GIVEN ENTRIES
>>>>

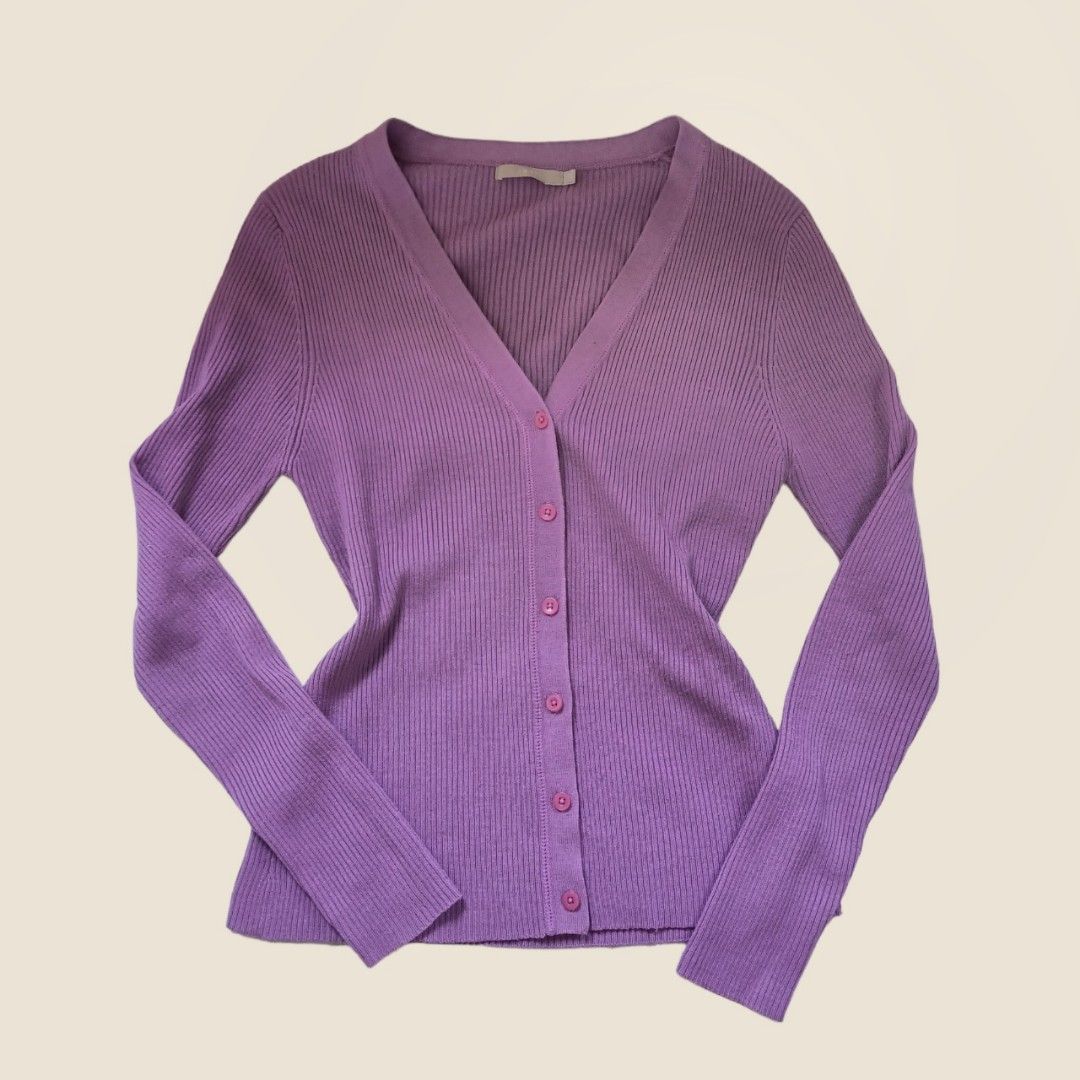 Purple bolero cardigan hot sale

<<<<
>>>>

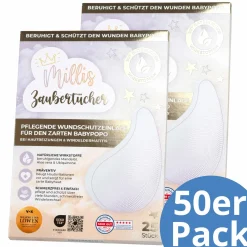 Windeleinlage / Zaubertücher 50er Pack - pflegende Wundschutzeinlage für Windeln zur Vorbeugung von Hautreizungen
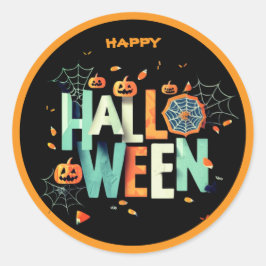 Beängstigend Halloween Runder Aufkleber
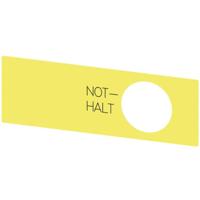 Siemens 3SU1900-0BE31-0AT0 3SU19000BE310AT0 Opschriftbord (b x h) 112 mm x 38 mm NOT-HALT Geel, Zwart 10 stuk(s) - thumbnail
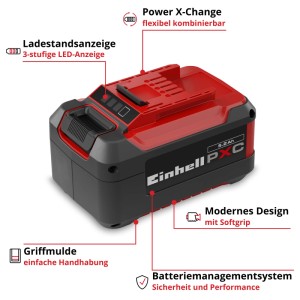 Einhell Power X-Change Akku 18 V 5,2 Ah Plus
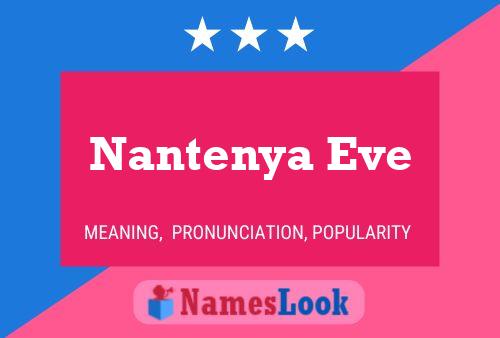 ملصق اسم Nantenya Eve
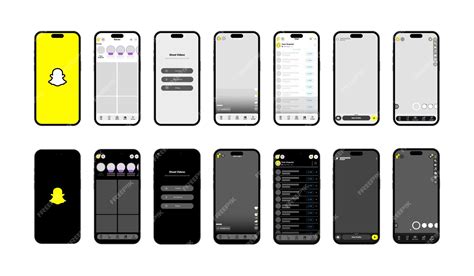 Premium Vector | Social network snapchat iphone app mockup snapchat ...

<<<<
>>>>

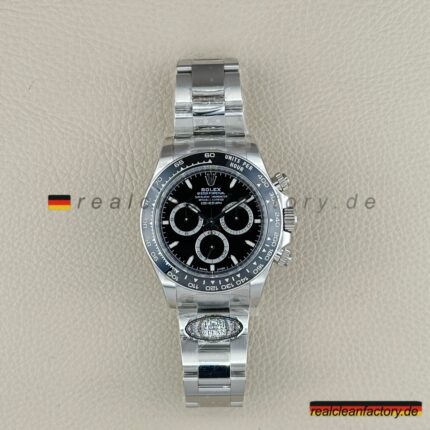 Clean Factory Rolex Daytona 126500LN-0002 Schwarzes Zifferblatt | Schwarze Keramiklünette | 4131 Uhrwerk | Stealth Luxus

<<<<

WHAT YOU NEED TO DO
Within the listing above, find the line containing "Einhell Power X-Change Akku 18 V 5,2 Ah Plus" and the line containing "Premium Vector |". Transcribe them and everything between them exactly, leaving out the pictures.

SOLVED EXERCISE
 Einhell Power X-Change Akku 18 V 5,2 Ah Plus
 ملصق اسم Nantenya Eve
 Premium Vector | Social network snapchat iphone app mockup snapchat ...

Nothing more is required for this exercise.